The hospital scene is repeated, where Samantha's friend runs to console the survivor of the crash. This time, however, Samantha was hurt but survived, while Ian is the victim.

The film ends six months later, with Samantha packing up the apartment she shared with Ian while looking at his watch, and then performing onstage while wearing the bracelet that Ian gave her, with tears in her eyes but smiling, intercut with a scene of her finally getting to the top of the mountain that she tried to climb with Ian on that last day together.

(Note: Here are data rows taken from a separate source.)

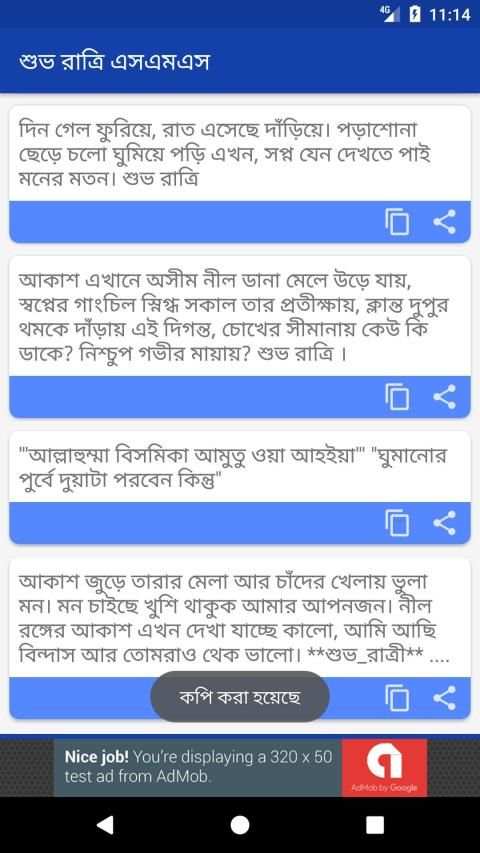 শুভ রাত্রি মেসেজ - Bangla Good Night SMS स्क्रीनशॉट 3
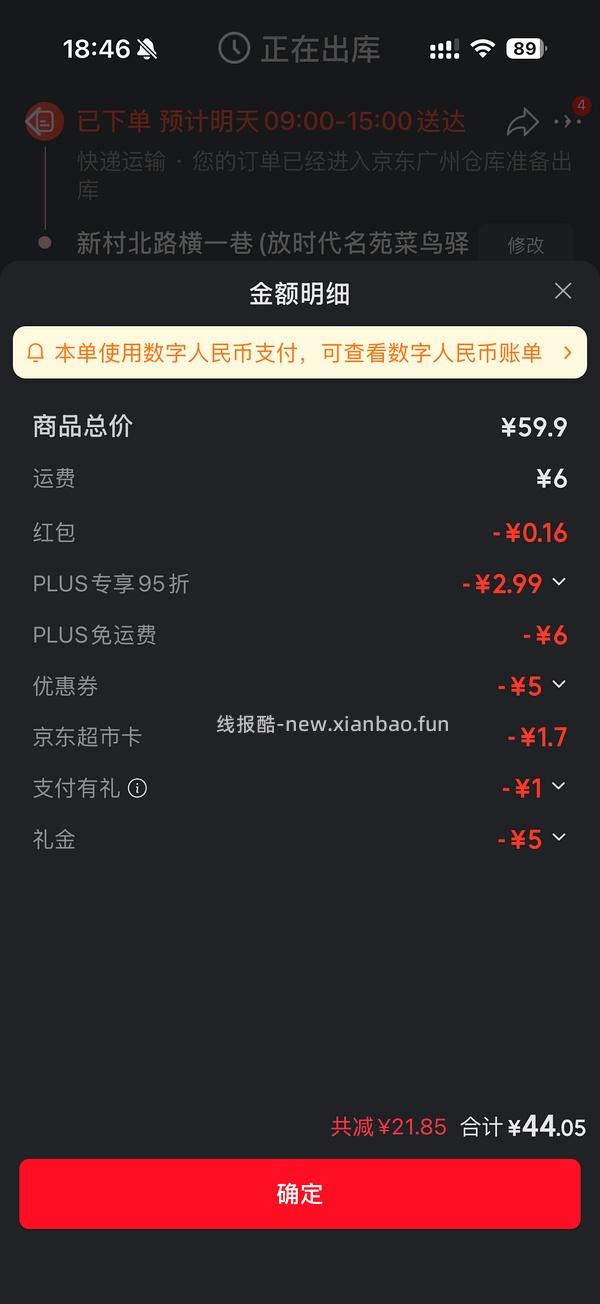 57r 佳沛奇异果12粒特大果礼盒，4.7一粒 - 线报酷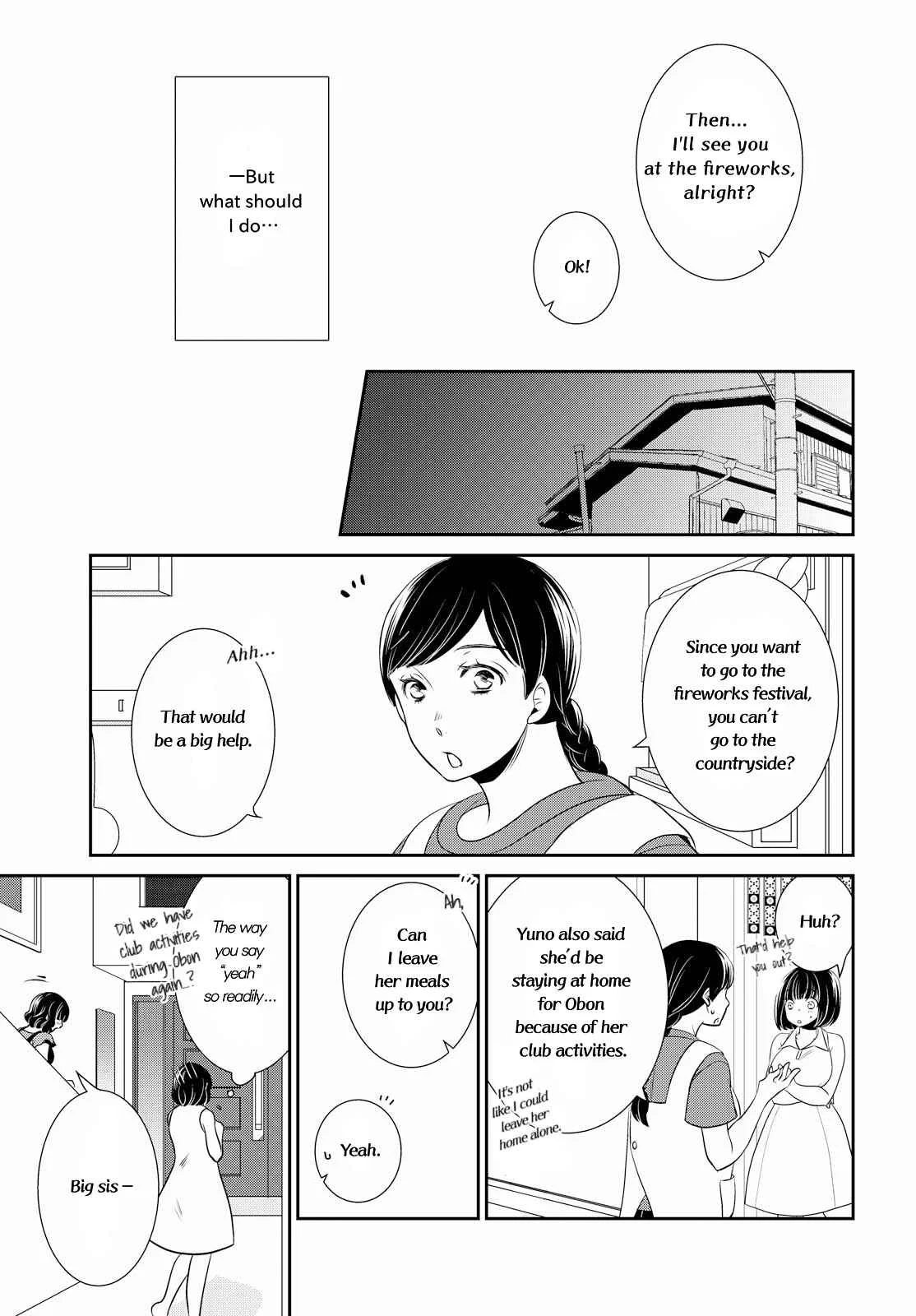 Itoshi Koishi Chapter 1: I Grew to Love and Have a Relationship. - Page 13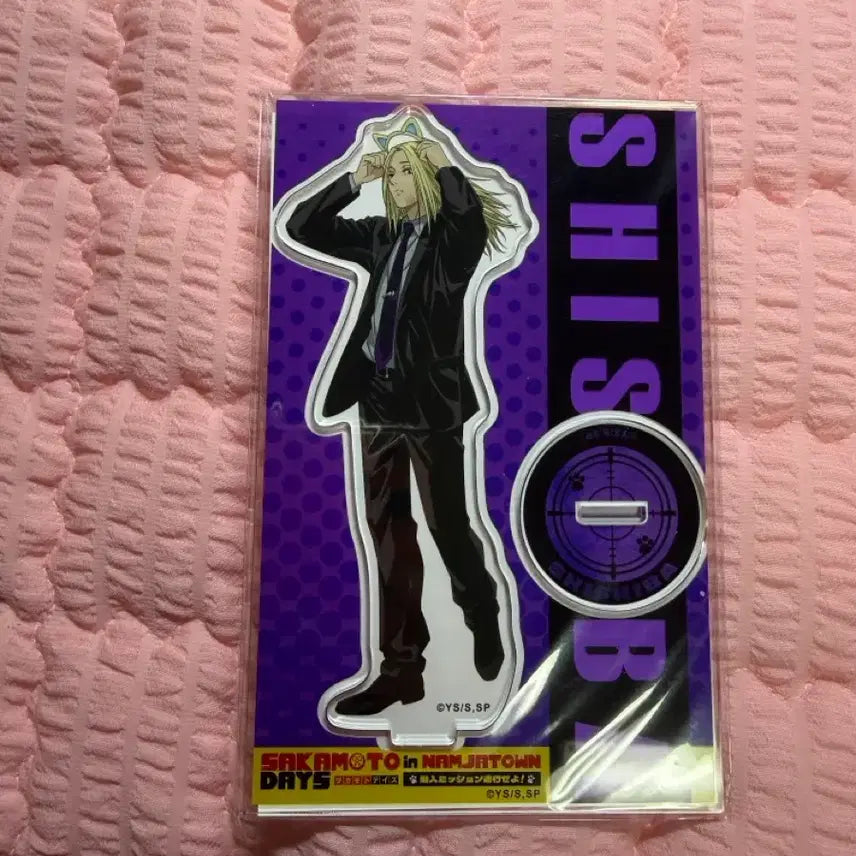 [BUNJANG] Sakamoto Days Nanjar Town Acrylic Stand (Sealed) / 사카모토데이즈 사카데이 시시바 난자타운 냔쟈타운 아크릴 미개봉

==Production and distribution==
Filming was done between November 2002 and January 2003. The movie made its world premiere at the Sarasota Film Festival in January 2004. However it was not picked up for US distribution. It went on to play around the world throughout late 2004 and 2005. American audiences were given a chance to see this film when it premiered on the American ABC Family television network on 15 January 2006. The film premiered on UK television on the Hallmark channel, on 28 July 2009.

==Production and location==
Filming locations in London include (in chronological order): Kensington Park Road where their apartment is located; CityPoint where Ian works; Piccadilly where Ian is seen running towards the Méridien hotel; Westminster tube station exit; and the London Eye.

==Soundtrack==
Hewitt performed two songs from the soundtrack, "Love Will Show You Everything" and "Take My Heart Back". She wrote the lyrics of "Take My Heart Back" to music of Chris Canute. Hewitt and Gil Junger co-wrote "Love Will Show You Everything", with music by Paul Englishby.